#### Entries supplied ####

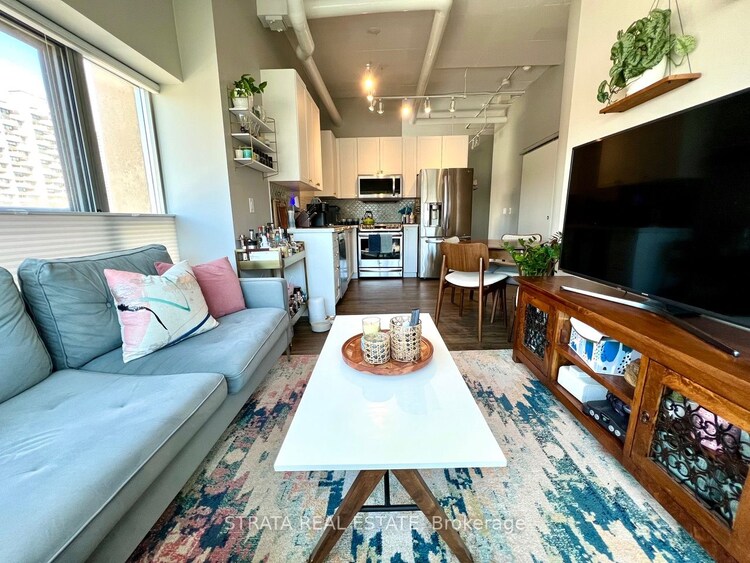 2 Fieldway Rd, Toronto, Ontario, Islington-City Centre West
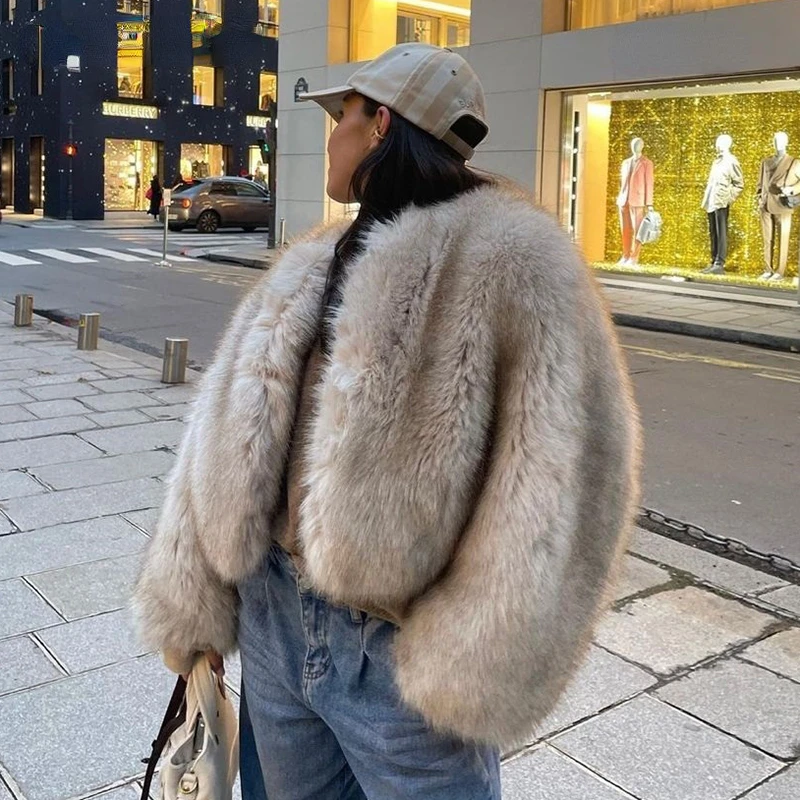Iconic Street Fashion Week Luxury Brand Gardient Cropped Faux Fur Coat Women Win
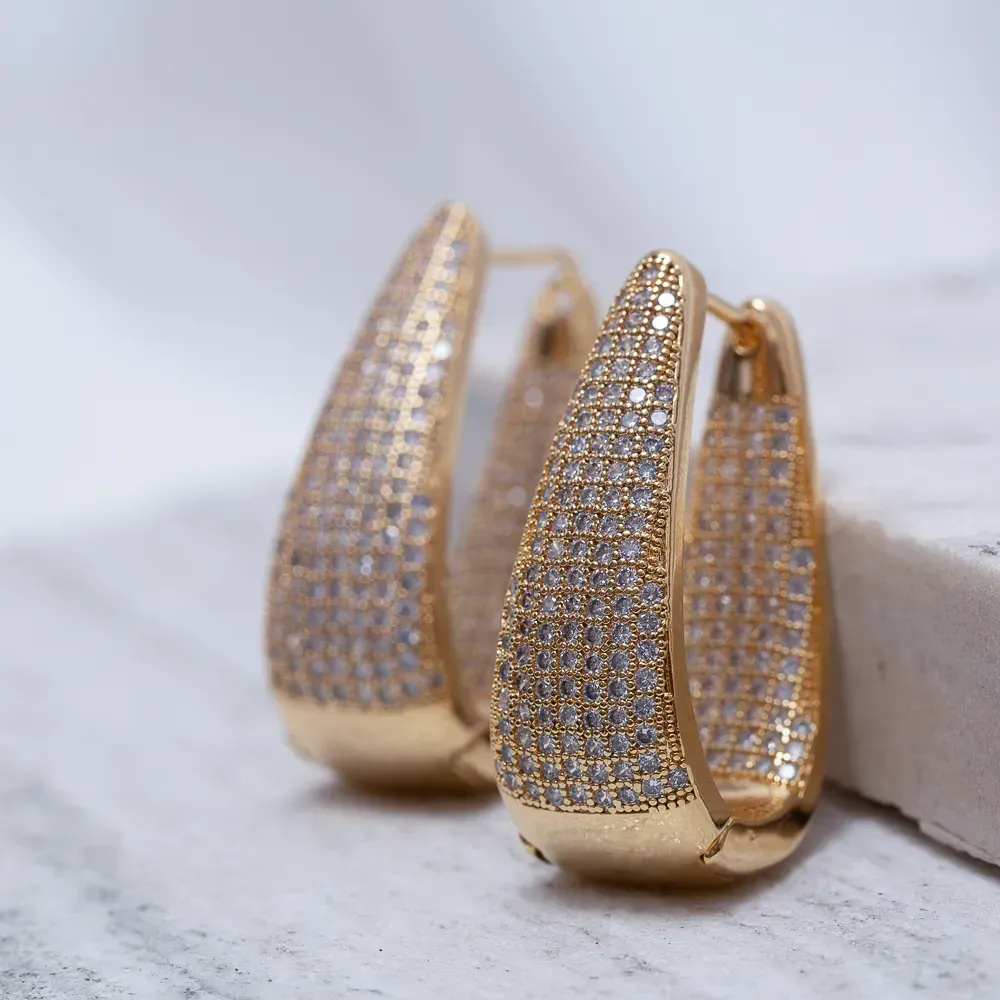 BRINCO ARGOLA GRANDE ELEGANTE CRAVEJADA BANHO OURO 18K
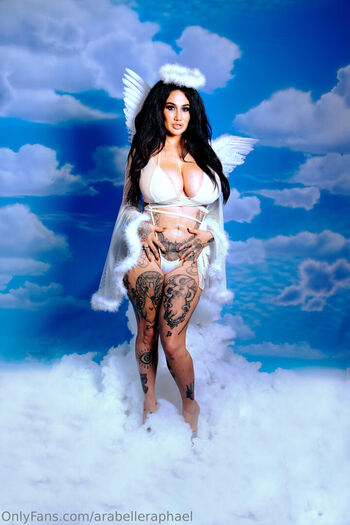Arabelleraphael leaked private photo uncensored HD quality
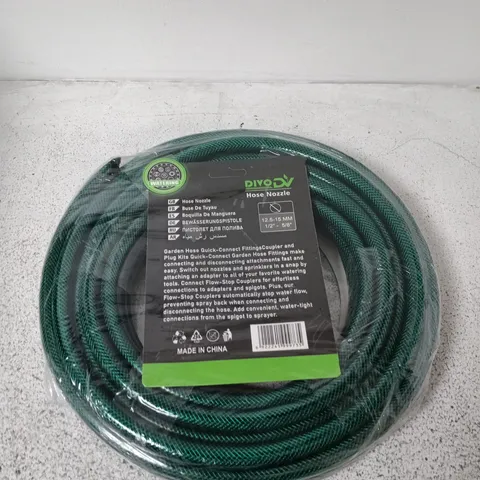 GARDEN HOSE WITH QUICK-CONNECT FITTINGS – GREEN, 1/2" TO 5/8"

####

> _Instructions to follow_:
Your answer must contain the full data, repeated exactly, without pictures.

> _Task solution_:
 2 Fieldway Rd, Toronto, Ontario, Islington-City Centre West
Iconic Street Fashion Week Luxury Brand Gardient Cropped Faux Fur Coat Women Win
 BRINCO ARGOLA GRANDE ELEGANTE CRAVEJADA BANHO OURO 18K
Arabelleraphael leaked private photo uncensored HD quality
 GARDEN HOSE WITH QUICK-CONNECT FITTINGS – GREEN, 1/2" TO 5/8"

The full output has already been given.